WORKMEN'S COMPENSATION: Out of and in the Course of Employment. Where a workmen, repairing a furnace, drove home to change his clothes and on his way was injured in an automobile accident from which he later died, the injury did not arise out of and in the course of his employment there being a failure to show a custom of the workmen, when required to perform "dirty work," to change their clothes.
Where an employee leaves his work and goes on a mission of his own and is injured, where he is not required to go by reason of his employment, he is not within the terms of the Workmen's Compensation Act.
Appeal from Buchanan Circuit Court. — Hon. Ferd J. Frankenhoff, Judge.
REVERSED.
Alva Lindsay, Waldo Edwards and Wallace W. Fry for appellants.

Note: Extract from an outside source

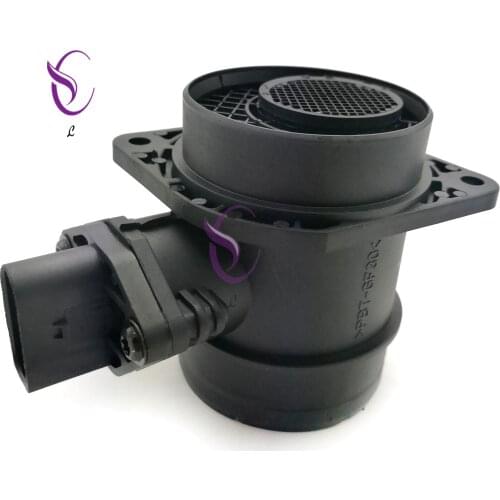 MAF Mass Air Flow Meter Sensor For Volkswagen VW Beetle Golf Jetta 1.9L TDI 1998-2004 038906461C 0281002757 0 281 002 757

(1) There is no evidence that the deceased received any injuries arising out of and in the course of his employment. The deceased was not engaged in or about the premises where his duties were to be performed or where his services required his presence as a part of such services at the time of his injury. His injuries are not compensable under the Workmen's Compensation Law. Sec. 3305 (c), R.S. 1929; Laws 1931, p. 382; Hall v. Austin-Western Road Machinery Co., 250 N.W. 258. (2) There is no competent evidence upon which the court or Workmen's Compensation Commission could base a finding that the deceased had started towards his home for the purpose of changing his clothes so that he could perform his work "with greater efficiency." (3) Even if it were assumed that the deceased started towards his home to change his clothes for the comfort of himself, resulting in greater efficiency in his work which would contribute to the furtherance of his employer's business (which we deny), the deceased was at the time he received the injuries engaged in a self-determined voluntary act, not known to or accepted by his employer, and outside the duties for which he was employed or where his duties required his services, or any act, task or mission which formed a part of his services. Cassidy v. Eternit, 32 S.W.2d 75; Smith v. Levis-Zukoski Mercantile Co., 14 S.W.2d 470; Bise v. Tarlton, 35 S.W.2d 993; Probst v. St. Louis Basket Box Co., 52 S.W.2d 501; Duggan v. Toombs-Fay Sash Door Co., 66 S.W.2d 973; Mountain v. Ind. Acc. Comm., 267 P. 913; Buff v. Ind. Acc. Comm., 28 P.2d 9; Hall v. Austin-Western Road Machinery Co., 250 N.W. 258; Board of Education, City of Chicago, v. Ind. Comm., 321 Ill. 23, 151 N.E. 499; Markowitz v. Natl. Hardware Co., 210 N.Y.S. 693; Bryant v. Fissell, 84 N.J.L. 72, 86 A. 458; O'Neil v. Casley, 218 N.Y. 414, 113 N.E. 406; In re Borin, 227 Mass. 452, 116 N.E. 817; Utah Copper Co. v. Industrial Comm., 62 Utah, 33. (4) And especially is that true since the rule of the shop in question restricted the orbit and sphere of the workman's employment. In re Borin, 227 Mass. 452, 116 N.E. 817; Dickey v. Pittsburgh, 297 Pa. 172; Fournier's Case, 120 Me. 236, 113 A. 270; Rendino v. Continental Can Co., 226 N.Y. 565, 123 N.E. 886; Hyatt v. U.S. Rubber Reclaiming Co., 243 N.Y.S. 474; Fralongo v. Stanley Works, 104 Conn. 331, 133 A. 98; Jones v. Sloss-Sheffield Steel Iron So., 221 Ala. 547, 130 So. 74.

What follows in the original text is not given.